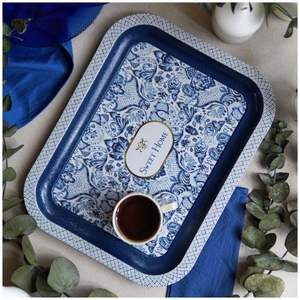 Plateau de service rectangulaire en métal 233x307mm avec motif décoratif bleu et blanc inspiré de l'azulejo - Product Image 2
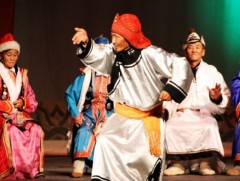 Бий биелгээ Монгол бүжгийн урлагийн язгуур юм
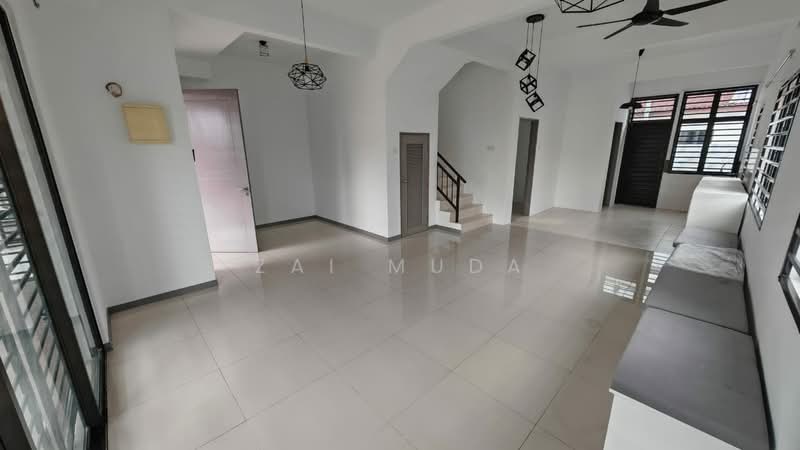 Rumah Teres 2 Tingkat untuk Disewa di Taman Saujana KLIA (Sepang) - Zai Muda - PropertyGuru.com.my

# # #

HOW TO COMPLETE THIS TASK »
Every line from the start of the material through the line holding "Бий биелгээ Монгол" must be returned exactly, and the pictures must not.

PROBLEM SOLUTION »
 Plateau de service rectangulaire en métal 233x307mm avec motif décoratif bleu et blanc inspiré de l'azulejo - Product Image 2
 Бий биелгээ Монгол бүжгийн урлагийн язгуур юм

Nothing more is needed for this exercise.